* [PATCH] Fix latent SLP bugs and a memleak
@ 2019-01-21 14:52 Richard Biener
2019-01-21 21:56 ` Richard Sandiford
0 siblings, 1 reply; 3+ messages in thread
From: Richard Biener @ 2019-01-21 14:52 UTC (permalink / raw)
To: gcc-patches
When investigating some issues I ran into two SLP op gathering issues.

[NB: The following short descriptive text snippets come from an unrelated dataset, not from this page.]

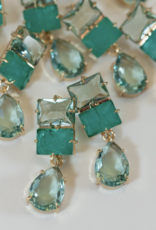 Amalfi Turquoise Ombre Gem Drop Earrings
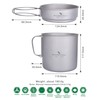 Boundless Voyage Titanium Pot Pan Set with Folding Handles Outdoor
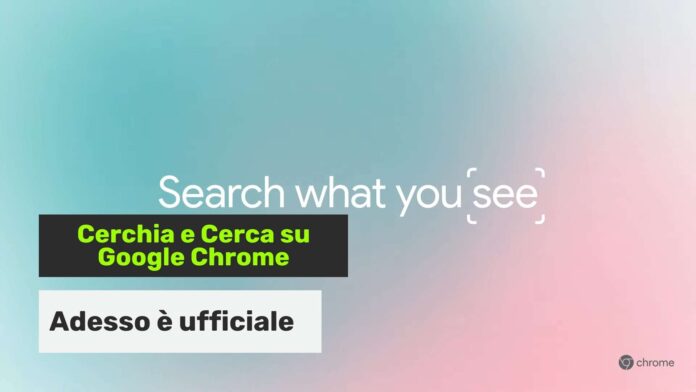 Cerchia Cerca Google Chrome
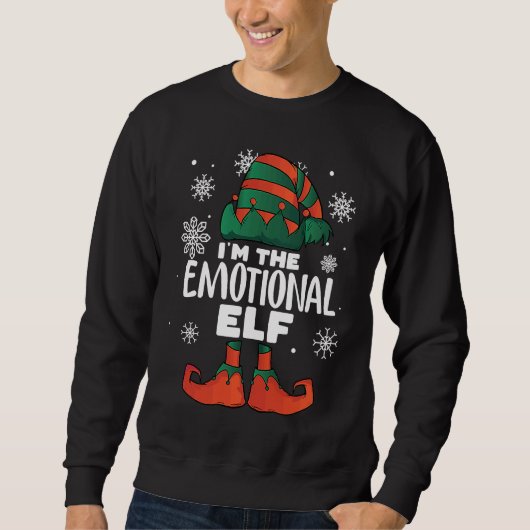 I'm The Emotional Elf Christmas Elves Family Emo Trui (Voorkant)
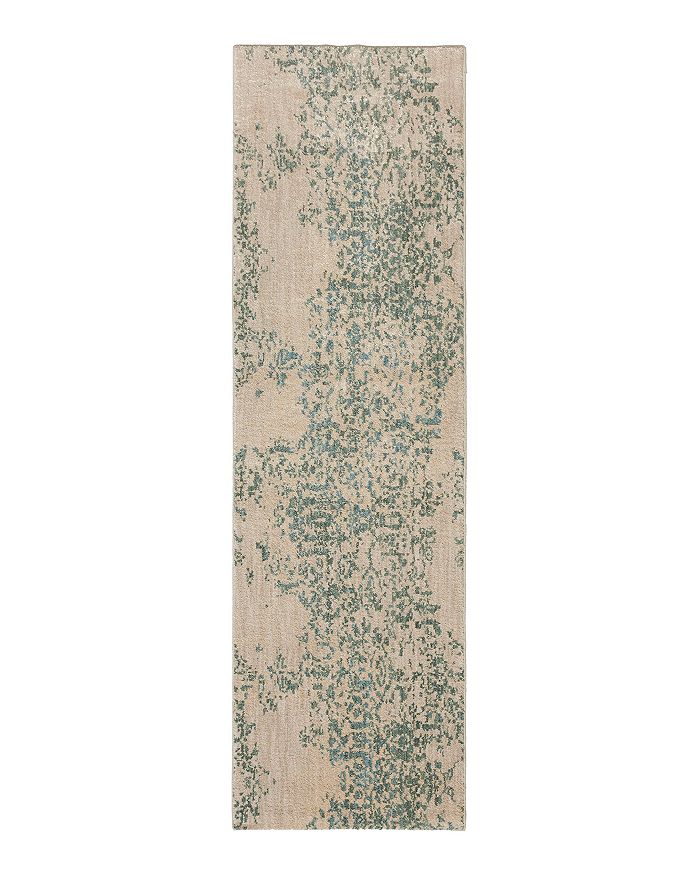 Karastan Cosmopolitan Nirvana By Virginia Langley Runner Rug, 2'4 X 7'10 In Jade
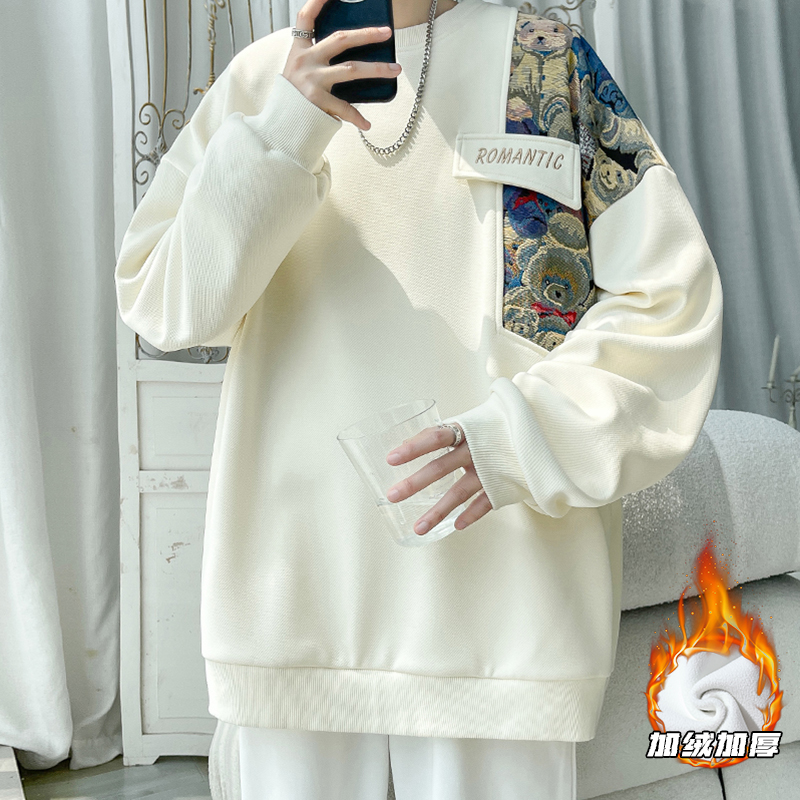 2025 HW23592加绒 旋律风车大码摇粒绒卫衣M-5X HW23792-特P35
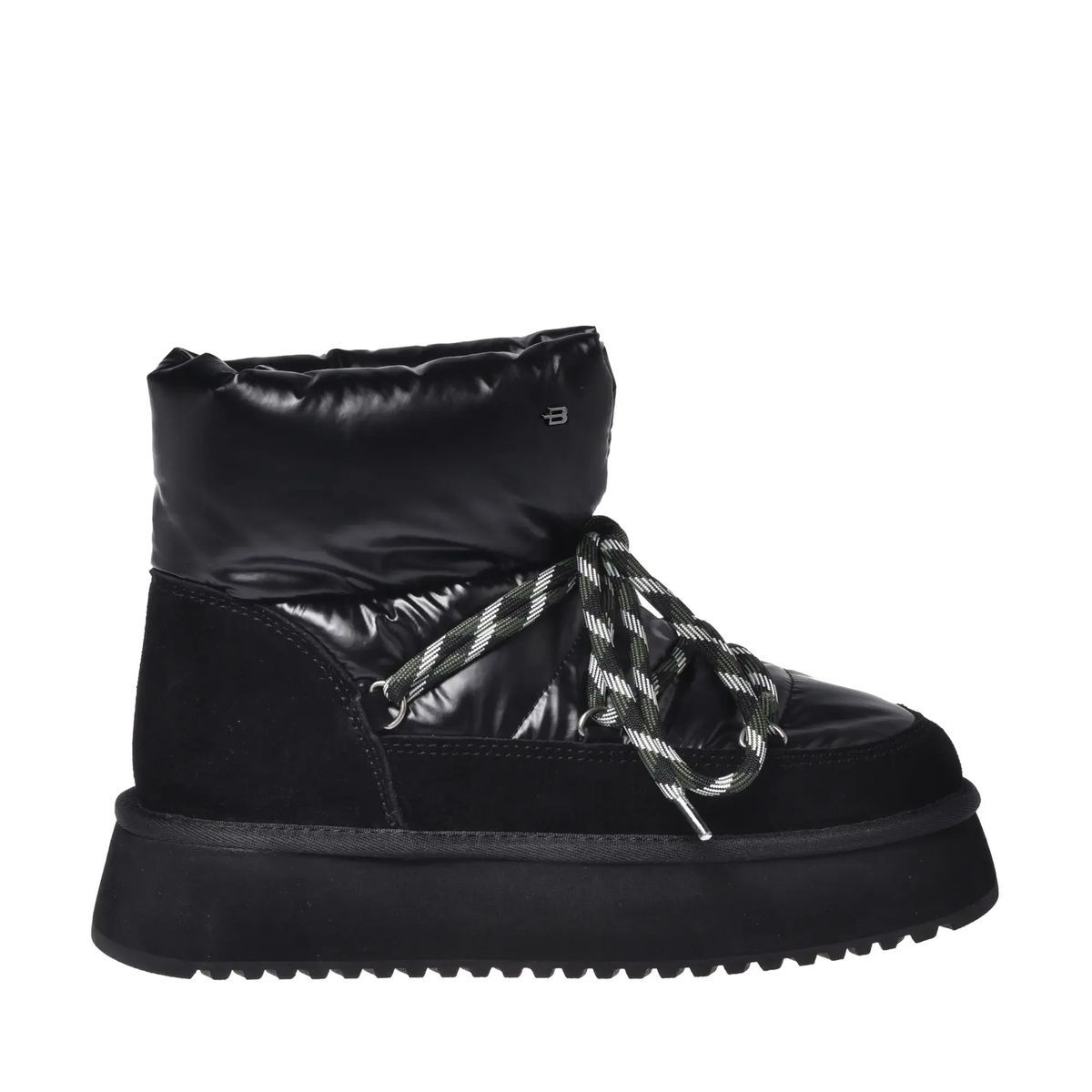 Schwarze gefütterte Winterstiefeletten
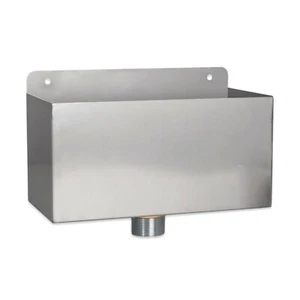 STAINLESS STEEL TUNDISH WALL MOUNTED BOX HOPPER STEAM OVEN DRAIN LARGE TUN DISH - Picture 1 of 24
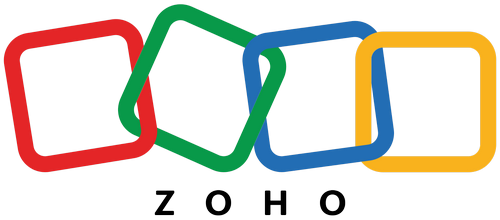 Zoho logo – cloud-based business software suite for CRM, finance, HR, and collaboration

*You may not ask for SLP vector def ops in the wrong order*
Both vectorizable_comparison and vectorize_fold_left_reduction fall
into this trap.
I've also fixed a memleak uncovered by valgrind that I ran on the
above fix and a testcase. I'm too lazy to try generate a testcase
that also fails with unpatched trunk but I think this qualifies
for this stage (at least the vectorizable_comparison one should
be easy to create).
Bootstrap & regtest running on x86_64-unknown-linux-gnu.
Richard.
From b036b1ac618d9deb0efff89051f6ba1036d84ea3 Mon Sep 17 00:00:00 2001
From: Richard Guenther <rguenther@suse.de>
Date: Mon, 21 Jan 2019 15:40:49 +0100
Subject: [PATCH] fix-slp-op-gatherings-and-memleak
* tree-vect-loop.c (vect_analyze_loop_operations): Use
auto_vec for cost vector to fix memleak.
(vectorize_fold_left_reduction): Properly gather SLP defs.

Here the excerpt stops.